The Starknet Foundation, the non-profit created to promote the blockchain scalability solution, announced on Friday that it plans to allocate 1.8 billion Starknet (STRK) tokens across multiple initiatives aimed at promoting the adoption and growth of the blockchain. The first allocation will happen “soon,” according to the foundation’s X account.
Starknet is a so-called layer 2 that uses zero-knowledge (zk) rollup technology to bundle hundreds of transactions off-chain before sending the bundle to the main Ethereum blockchain. The setup eases the slow throughput and high gas or transaction fees common on Ethereum.
Starknet has allocated 900 million STRK tokens to its Provisions committee to reward both past and future contributions from users and community members. Another 900 million tokens are designated to compensate users for transaction fees related to essential activities on the network, although the details of this plan are still being formalized. Additionally, 50 million STRK were set aside to foster the growth of decentralized finance (DeFi) protocols on Starknet.

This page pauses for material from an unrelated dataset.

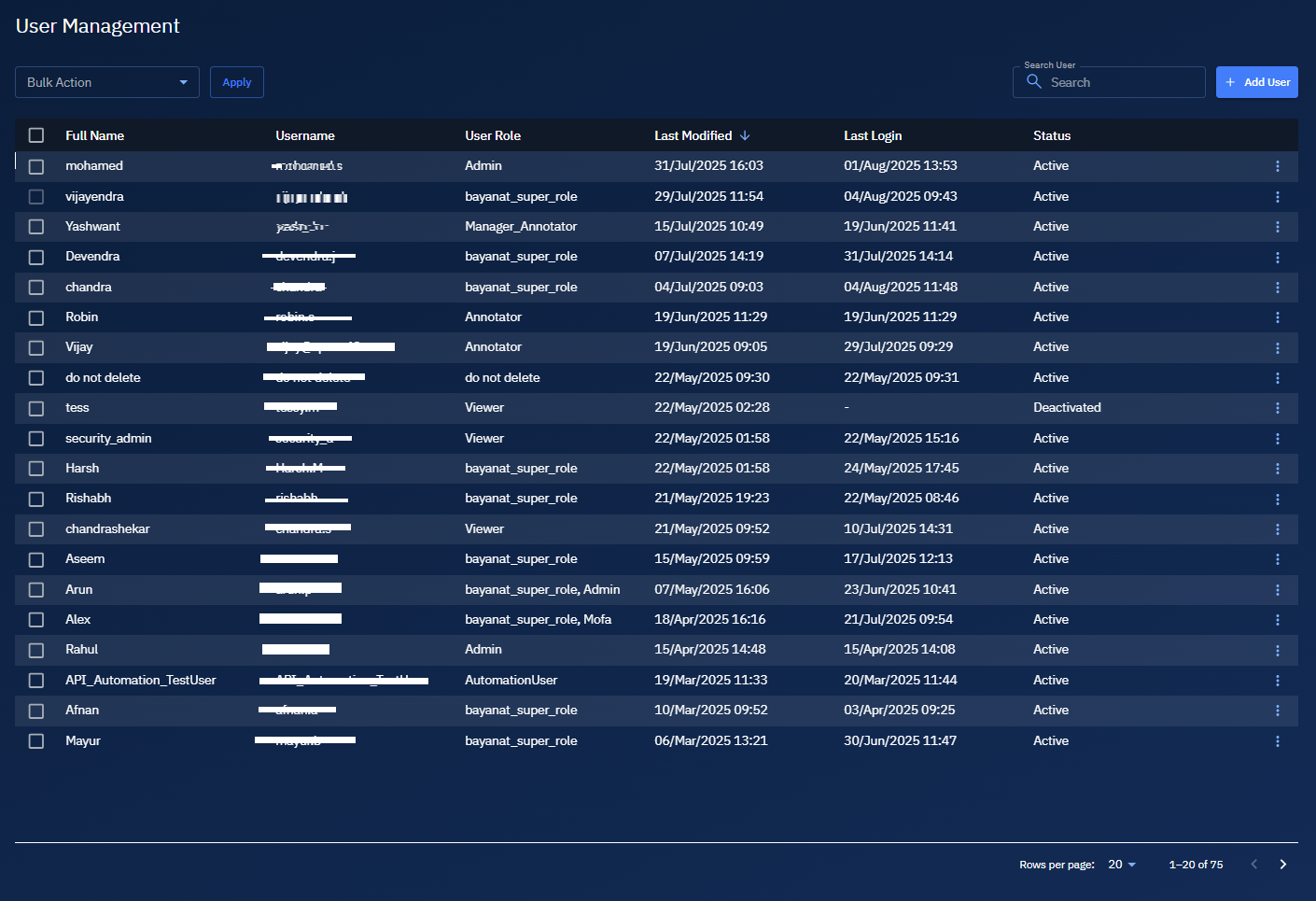 Accessing Users module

The latest token plans follow an October announcement that the Starknet Foundation had set aside 50 million STRK tokens for a new Early Community Member Program. STRK tokens haven’t begun trading yet so it’s not possible to estimate the value of the awarded tokens. The tokens that have been distributed to date have a lockup period that means the tokens can’t be traded until April 2024.
Starknet parent company StarkWare, which was valued at $8 billion during a $100 million funding round in May 2022, first confirmed plans for the long-rumored STRK token in July 2022. The company minted an initial 10 billion STRK tokens, which were to be allocated to core contributors, investors and developer partners. The Starknet Foundation launched that November and was allocated 5.01 billion of that token supply.
Starknet is currently the ninth largest Layer 2 network with $157 million in total value locked (TVL), according to L2 Beat data.